[Recorded data]
==*==
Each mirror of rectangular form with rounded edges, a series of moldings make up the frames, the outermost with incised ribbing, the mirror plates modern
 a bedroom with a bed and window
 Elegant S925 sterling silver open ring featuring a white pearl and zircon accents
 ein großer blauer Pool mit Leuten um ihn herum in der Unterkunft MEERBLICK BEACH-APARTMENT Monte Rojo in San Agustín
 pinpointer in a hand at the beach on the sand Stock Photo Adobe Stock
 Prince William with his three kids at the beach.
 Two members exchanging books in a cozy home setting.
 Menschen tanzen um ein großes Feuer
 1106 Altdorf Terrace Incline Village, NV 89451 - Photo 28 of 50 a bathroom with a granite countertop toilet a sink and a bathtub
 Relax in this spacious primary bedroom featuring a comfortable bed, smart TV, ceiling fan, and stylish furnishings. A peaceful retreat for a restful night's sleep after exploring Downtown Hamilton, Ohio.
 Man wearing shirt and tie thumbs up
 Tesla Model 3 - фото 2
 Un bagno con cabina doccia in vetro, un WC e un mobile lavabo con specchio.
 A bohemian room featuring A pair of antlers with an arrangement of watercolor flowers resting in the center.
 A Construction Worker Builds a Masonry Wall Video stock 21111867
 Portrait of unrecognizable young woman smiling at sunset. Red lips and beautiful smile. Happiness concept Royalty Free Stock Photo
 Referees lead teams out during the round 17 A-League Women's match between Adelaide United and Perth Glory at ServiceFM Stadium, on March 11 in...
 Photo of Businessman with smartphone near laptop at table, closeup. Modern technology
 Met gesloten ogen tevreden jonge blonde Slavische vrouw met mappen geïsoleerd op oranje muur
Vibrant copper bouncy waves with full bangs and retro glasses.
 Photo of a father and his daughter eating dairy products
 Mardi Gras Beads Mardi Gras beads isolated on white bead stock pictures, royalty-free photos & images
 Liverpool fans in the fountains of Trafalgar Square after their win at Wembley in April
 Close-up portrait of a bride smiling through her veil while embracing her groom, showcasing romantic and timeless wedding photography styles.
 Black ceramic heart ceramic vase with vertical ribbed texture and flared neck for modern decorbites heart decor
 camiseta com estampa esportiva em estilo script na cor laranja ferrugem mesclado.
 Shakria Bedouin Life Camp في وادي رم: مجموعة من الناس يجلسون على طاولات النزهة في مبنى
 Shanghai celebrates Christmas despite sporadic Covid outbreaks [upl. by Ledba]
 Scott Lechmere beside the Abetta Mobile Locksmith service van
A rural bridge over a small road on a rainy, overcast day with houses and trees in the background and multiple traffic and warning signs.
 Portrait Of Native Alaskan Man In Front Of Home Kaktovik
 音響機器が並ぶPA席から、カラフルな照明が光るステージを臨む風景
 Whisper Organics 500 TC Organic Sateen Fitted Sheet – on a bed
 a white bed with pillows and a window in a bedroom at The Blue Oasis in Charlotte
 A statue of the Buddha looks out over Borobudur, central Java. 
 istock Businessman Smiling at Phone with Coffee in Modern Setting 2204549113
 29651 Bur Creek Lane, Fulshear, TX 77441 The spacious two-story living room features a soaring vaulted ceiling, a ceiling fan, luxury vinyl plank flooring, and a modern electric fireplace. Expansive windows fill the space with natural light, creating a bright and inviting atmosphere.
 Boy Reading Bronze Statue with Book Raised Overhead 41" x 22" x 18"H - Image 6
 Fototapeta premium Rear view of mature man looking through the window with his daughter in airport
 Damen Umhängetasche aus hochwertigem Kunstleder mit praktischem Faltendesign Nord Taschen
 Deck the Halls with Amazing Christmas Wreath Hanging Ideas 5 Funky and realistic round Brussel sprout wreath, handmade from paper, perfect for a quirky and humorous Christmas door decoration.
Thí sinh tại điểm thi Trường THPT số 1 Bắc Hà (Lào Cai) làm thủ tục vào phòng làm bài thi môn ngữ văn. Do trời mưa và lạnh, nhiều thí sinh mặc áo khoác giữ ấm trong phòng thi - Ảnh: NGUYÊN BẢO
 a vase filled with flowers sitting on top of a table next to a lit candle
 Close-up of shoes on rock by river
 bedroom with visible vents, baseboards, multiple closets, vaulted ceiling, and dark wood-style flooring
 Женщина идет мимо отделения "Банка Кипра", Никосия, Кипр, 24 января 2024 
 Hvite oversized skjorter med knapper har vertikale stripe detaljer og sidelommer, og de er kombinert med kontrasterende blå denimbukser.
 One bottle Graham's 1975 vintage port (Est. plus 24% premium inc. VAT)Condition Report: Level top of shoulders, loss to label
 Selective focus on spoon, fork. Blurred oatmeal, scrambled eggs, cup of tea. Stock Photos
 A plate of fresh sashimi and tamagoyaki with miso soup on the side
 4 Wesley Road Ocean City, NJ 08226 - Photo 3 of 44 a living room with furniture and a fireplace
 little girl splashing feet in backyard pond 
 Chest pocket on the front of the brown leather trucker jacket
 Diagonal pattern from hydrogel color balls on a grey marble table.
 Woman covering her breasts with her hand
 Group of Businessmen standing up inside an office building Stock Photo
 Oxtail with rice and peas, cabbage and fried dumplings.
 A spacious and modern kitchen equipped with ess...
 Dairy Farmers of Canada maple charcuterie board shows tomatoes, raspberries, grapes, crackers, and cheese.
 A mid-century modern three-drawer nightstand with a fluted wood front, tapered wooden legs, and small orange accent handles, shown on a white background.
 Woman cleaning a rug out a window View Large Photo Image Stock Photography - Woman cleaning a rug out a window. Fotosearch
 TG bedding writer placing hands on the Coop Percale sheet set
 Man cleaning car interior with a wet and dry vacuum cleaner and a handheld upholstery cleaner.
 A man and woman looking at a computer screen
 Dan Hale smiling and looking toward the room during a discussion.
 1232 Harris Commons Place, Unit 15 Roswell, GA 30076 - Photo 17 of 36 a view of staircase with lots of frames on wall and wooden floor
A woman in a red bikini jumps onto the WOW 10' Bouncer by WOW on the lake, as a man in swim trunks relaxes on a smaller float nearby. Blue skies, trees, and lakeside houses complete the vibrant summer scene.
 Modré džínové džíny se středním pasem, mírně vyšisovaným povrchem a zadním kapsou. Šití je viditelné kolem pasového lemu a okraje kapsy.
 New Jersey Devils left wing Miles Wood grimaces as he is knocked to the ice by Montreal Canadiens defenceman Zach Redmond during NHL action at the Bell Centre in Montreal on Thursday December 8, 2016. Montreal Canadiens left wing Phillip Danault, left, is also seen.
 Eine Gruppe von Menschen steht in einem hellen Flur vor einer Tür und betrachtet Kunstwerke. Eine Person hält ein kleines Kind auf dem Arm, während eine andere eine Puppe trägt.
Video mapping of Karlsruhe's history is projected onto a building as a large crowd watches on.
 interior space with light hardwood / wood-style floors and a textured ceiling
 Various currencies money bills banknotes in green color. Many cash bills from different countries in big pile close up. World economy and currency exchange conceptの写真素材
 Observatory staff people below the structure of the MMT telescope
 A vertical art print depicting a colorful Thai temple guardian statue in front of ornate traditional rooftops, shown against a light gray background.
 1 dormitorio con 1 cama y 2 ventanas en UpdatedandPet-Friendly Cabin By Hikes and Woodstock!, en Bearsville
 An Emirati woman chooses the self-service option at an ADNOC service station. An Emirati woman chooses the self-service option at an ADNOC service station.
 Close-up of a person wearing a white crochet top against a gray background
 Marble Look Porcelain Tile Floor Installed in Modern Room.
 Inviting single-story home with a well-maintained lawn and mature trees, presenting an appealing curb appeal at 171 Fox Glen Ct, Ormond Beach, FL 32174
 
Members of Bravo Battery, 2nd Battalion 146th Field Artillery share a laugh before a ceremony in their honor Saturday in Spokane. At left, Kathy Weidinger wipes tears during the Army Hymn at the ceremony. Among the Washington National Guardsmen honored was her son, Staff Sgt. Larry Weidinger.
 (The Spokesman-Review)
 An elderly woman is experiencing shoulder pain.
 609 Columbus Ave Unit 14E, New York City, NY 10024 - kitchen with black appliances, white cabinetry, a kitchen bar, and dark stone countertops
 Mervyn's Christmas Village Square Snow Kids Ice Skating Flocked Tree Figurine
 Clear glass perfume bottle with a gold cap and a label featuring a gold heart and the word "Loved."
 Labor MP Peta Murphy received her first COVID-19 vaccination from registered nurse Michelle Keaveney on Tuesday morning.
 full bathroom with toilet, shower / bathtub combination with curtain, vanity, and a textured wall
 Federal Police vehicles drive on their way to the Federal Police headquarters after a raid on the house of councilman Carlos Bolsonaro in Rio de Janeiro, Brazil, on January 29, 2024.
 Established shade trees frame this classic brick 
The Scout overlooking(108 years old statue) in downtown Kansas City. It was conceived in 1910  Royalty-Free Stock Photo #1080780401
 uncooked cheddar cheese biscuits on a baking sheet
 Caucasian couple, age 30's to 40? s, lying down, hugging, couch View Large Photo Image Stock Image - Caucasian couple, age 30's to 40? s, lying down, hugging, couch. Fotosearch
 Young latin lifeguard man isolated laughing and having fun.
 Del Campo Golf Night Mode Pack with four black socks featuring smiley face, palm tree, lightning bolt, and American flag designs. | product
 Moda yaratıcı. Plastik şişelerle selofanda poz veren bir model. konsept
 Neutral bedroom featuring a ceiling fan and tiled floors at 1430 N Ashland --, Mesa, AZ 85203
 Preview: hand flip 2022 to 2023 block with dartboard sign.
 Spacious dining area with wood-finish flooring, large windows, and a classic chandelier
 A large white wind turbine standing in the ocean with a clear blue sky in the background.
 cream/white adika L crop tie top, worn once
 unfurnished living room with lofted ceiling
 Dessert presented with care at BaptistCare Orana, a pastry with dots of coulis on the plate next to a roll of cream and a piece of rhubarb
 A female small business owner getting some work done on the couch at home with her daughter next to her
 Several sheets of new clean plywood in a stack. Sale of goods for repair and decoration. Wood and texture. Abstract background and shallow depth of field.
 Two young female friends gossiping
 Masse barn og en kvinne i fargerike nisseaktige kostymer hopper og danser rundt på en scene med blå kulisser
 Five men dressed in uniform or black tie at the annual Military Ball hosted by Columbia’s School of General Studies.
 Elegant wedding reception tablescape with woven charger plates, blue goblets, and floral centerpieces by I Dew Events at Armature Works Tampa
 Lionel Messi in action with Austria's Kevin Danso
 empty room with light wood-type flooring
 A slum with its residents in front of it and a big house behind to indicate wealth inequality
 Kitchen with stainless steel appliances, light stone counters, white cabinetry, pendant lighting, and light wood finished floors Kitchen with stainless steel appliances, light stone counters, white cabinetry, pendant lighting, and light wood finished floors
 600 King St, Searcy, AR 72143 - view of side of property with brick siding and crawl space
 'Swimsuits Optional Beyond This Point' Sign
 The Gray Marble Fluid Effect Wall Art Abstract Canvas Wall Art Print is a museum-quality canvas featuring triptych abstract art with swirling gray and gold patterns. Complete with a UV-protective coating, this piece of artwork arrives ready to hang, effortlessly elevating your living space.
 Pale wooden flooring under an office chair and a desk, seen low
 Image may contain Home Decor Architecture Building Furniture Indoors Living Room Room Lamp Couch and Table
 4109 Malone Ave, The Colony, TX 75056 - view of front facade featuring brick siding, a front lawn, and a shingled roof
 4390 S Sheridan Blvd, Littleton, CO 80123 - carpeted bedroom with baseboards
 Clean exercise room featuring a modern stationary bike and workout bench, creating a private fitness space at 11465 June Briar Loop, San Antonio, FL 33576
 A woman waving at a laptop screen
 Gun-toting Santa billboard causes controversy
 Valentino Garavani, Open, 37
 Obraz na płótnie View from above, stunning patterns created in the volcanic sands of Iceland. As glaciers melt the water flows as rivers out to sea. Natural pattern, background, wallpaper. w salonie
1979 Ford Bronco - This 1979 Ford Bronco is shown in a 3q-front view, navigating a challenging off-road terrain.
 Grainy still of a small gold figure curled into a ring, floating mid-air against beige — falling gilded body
==*==
Required action: After reading the records above, give the number of lines that include "vertical", and add nothing else.

Written answer: 2